Everything was wrong - the automated turrets that SHOULD have protected them were ignoring the gunships, and lying limp as the Magos tried to coax them to see the threats they had been blinded to. The weapons that the insurgents were using weren’t local-made - most of them were Guard weapons, no-doubt stolen from the muster of Imperial forces outside the defence envelope in orbit. All of this was beyond the local capacity - something bigger was definitely at work here.
Outside, a storm was closing in over the city. They’d lost communications up to the orbitals and out to the cities beyond the island. There would be no aid coming, not for a while.

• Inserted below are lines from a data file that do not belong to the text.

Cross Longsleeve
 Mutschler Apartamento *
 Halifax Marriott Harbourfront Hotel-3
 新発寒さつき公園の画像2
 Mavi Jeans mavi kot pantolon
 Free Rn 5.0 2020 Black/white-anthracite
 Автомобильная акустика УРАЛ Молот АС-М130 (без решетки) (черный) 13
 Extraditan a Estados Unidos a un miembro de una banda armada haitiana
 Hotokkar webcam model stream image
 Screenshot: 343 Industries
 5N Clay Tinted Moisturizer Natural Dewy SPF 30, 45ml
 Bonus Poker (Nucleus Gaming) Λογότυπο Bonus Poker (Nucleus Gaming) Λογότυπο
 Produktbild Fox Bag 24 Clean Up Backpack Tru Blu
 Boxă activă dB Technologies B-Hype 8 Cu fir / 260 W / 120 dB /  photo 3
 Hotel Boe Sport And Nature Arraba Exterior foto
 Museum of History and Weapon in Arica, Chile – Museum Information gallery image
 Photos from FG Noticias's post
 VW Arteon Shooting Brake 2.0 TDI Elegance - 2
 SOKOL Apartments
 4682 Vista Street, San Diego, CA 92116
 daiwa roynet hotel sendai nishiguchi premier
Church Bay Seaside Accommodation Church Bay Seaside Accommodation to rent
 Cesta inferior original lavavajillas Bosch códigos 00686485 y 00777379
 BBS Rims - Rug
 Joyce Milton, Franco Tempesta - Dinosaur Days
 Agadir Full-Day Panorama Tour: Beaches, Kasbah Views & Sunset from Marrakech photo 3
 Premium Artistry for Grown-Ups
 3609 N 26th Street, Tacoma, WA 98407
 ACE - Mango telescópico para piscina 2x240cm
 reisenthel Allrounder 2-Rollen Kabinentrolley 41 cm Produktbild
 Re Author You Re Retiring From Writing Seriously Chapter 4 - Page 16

She ducked and ran at full sprint to one of the side rooms, hurling herself bodily into the chamber, rolling and opening her hellgun, cutting down the rebels cowering there as she made her way to the controls of the turrets on the far side, still intact, “Magos, I have control of the console, please hurry!”
Out of the corner of her eye, she saw movement, just as the Magos ducked into the chamber. She was slow, too slow to react to the blur of white, a death-rattle escaping the vox-grill of the Magos as xie toppled. Her eyes widened as she got one good look at the pale features of her killer, one last moment before the tip of combat knife erupted through the back of her neck.
Liberation Day 0.57 Hour/Units
The Offworlder moved with unnatural grace that Mirai found utterly worrying and disturbing.
Their mission was part of the bargain for the Valkyries - while Farile was besieged, their transports had split off towards one of the artificial islands the Imperials had polluted the seas of his home to build. From it, a massive structure rose into the heavens themselves. The invader Tech-Priests called it an ‘Orbital Hoist’, and, in his limited understanding, it tethered the world to the orbital facilities that drained it like parasites.
He should be glad to strike a blow against the monstrosities in orbit, but being under the Offworlder’s command made all of them feel at unease. The outsiders the Offworlder had brought with them worked comfortably alongside them, but the local Rising Flame watched with fascinated horror as the stranger worked.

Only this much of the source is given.